The pain had eased, but the stiffness was there, and my first instinct, the deeply ingrained, overly competitive part of me said, “We’re working out anyway.”
But here’s the thing nobody tells you when you start a health journey: knowing when not to push is just as important as knowing when to go hard.
There’s a big difference between the dull ache of muscles saying, “Hey, we worked yesterday,” and the sharp, localized pain of joints and tendons screaming, “Please stop before you ruin us.” Sharp or stabbing pain, swelling, pain that interferes with normal movement, or soreness that lasts for days aren’t badges of honor. They’re warning lights. There’s also the classic rule of thumb: if you’re sick above the neck (runny nose, mild cold), gentle movement is usually fine. Anything below the neck, chest tightness, deep fatigue, body aches, is your body requesting a timeout.

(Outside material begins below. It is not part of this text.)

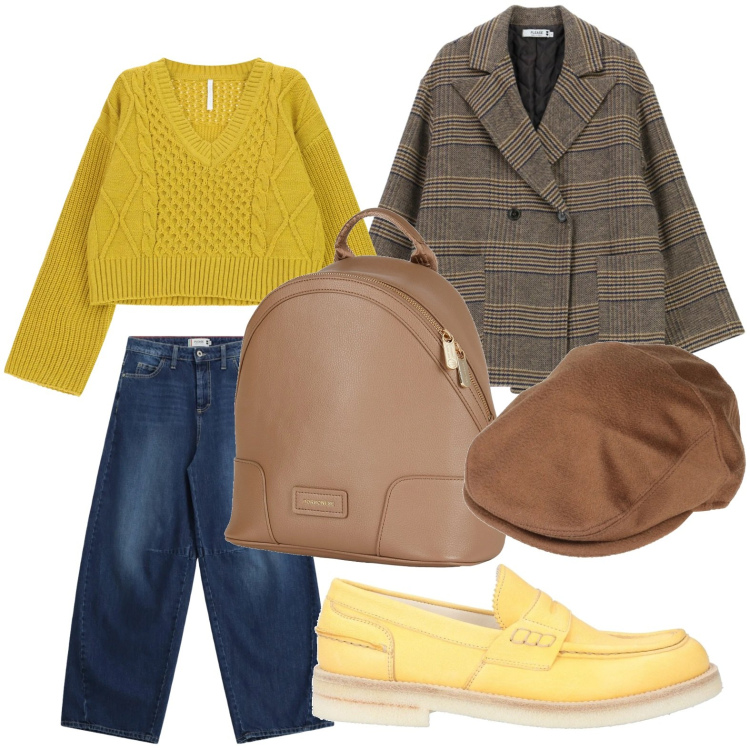 Outfit donna - Silhouette fluida. Stile Minimal per Ufficio. Abbinamento con cappelli, zaini, mocassini, jeans, cappotti, maglieria.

And yet, despite knowing all of this, I stood there mentally lacing up imaginary sneakers. Skipping a workout felt wrong. It felt like breaking a streak. Like letting Future Me down.
In what may be one of the greatest displays of maturity in my adult life, I did something radical.
I went back to bed.
I’m not exaggerating when I say this required more willpower than not eating the last shortbread cookie in our kitchen last week. If you’ve never had my wife’s shortbread cookies, understand that they exist in a category beyond normal baked goods. They are the kind of cookies that make you consider hiding them from your own family. I do not share them well.
Lying there, feeling both guilty and relieved, I realized something important: taking it easy isn’t quitting. It’s strategy.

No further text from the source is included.